Interesting Stuff - Week 51, 2025

Welcome to the final roundup of 2025! This week brings us an exceptional collection of paradigm-shifting insights as we close out the year: a battle-tested SQL Server log shipping script that’s been running uninterrupted in production for years, a comprehensive deep-dive into router-based agent architectures that are transforming monolithic AI systems, a mathematically rigorous takedown of vector database over-adoption in RAG systems, Armin Ronacher’s investigation into what Claude Code’s plan mode actually does under the hood, and Andrej Karpathy’s characteristically brilliant year-in-review covering everything from RLVR to “ghosts vs. animals” and the rise of vibe coding.

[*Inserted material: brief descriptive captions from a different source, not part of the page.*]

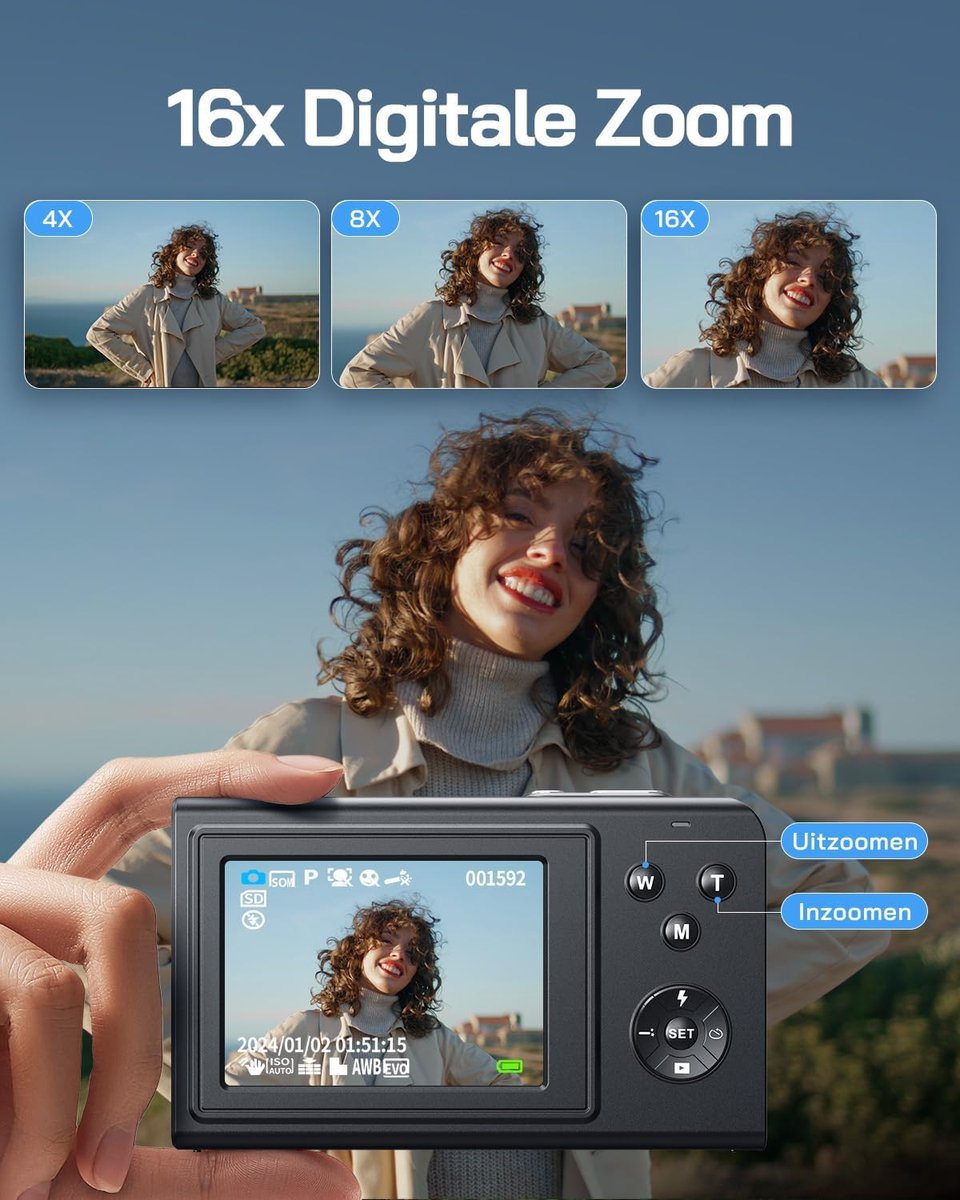 SnelShoppen - Digitale Camera 2.7K voor Kinderen, 50MP Compacter Vlogging Camera met 16x Digitale Zoom, Auto Focus, Perfect voor Fotografie en Video thumbnail 3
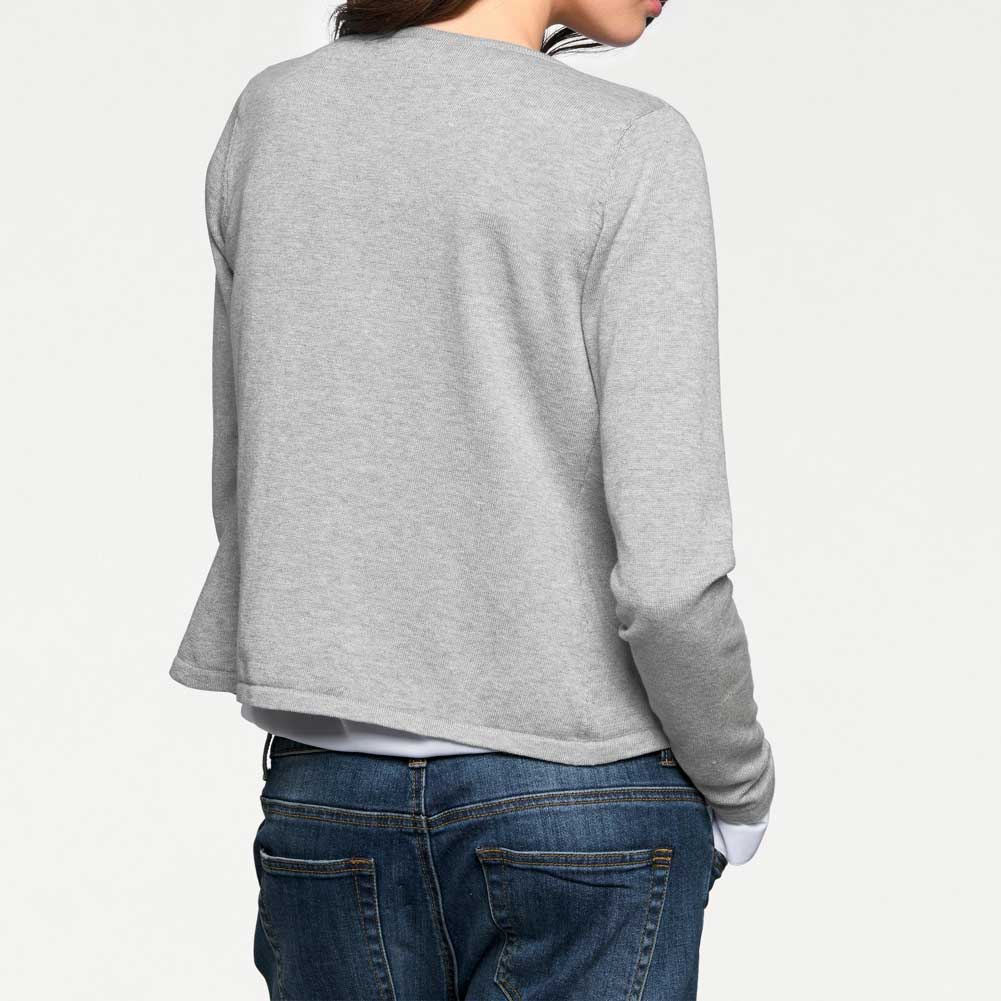 Linea Tesini Damen Designer-Cardigan m. Strass, grau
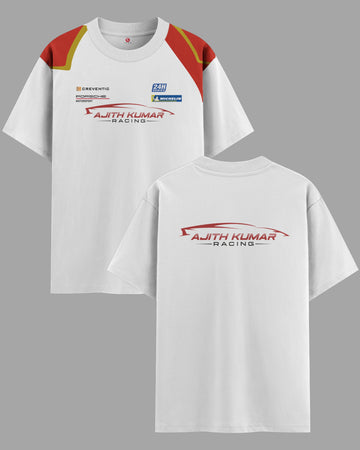 🏎️ Ajith Kumar Racing T-Shirt – White Edition (Front + Back Design)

After we explore these articles, I’ll be signing off for the festive season to recharge with family and friends, returning in the new year with fresh insights and probably way too much excitement about whatever paradigm-shifting tech drops in January. Let’s dive into Week 51’s highlights!

SQL Server

Automated Near-Zero RPO Log Shipping with a Readable Standby – The “Set It and Forget It” Script. In this post, my mate Jody Roberts shares a battle-tested SQL Server log shipping solution that’s been running uninterrupted in production for years, solving a problem many DBAs face when migrating databases without SQL HA, replication, or traditional log shipping. The magic here is deceptively simple: one T-SQL script totalling 477 lines that requires zero SQL Agent jobs and runs continuously in an infinite loop, keeping your standby database fresh down to the last committed transaction. The script handles everything automatically, creates the standby undo folder (even with xp_cmdshell disabled), restores the latest full backup into STANDBY mode for readable queries, continuously tails new .trn files the instant they land, applies them in perfect LSN order while handling striped backups automatically, and maintains database readability 99.9% of the time.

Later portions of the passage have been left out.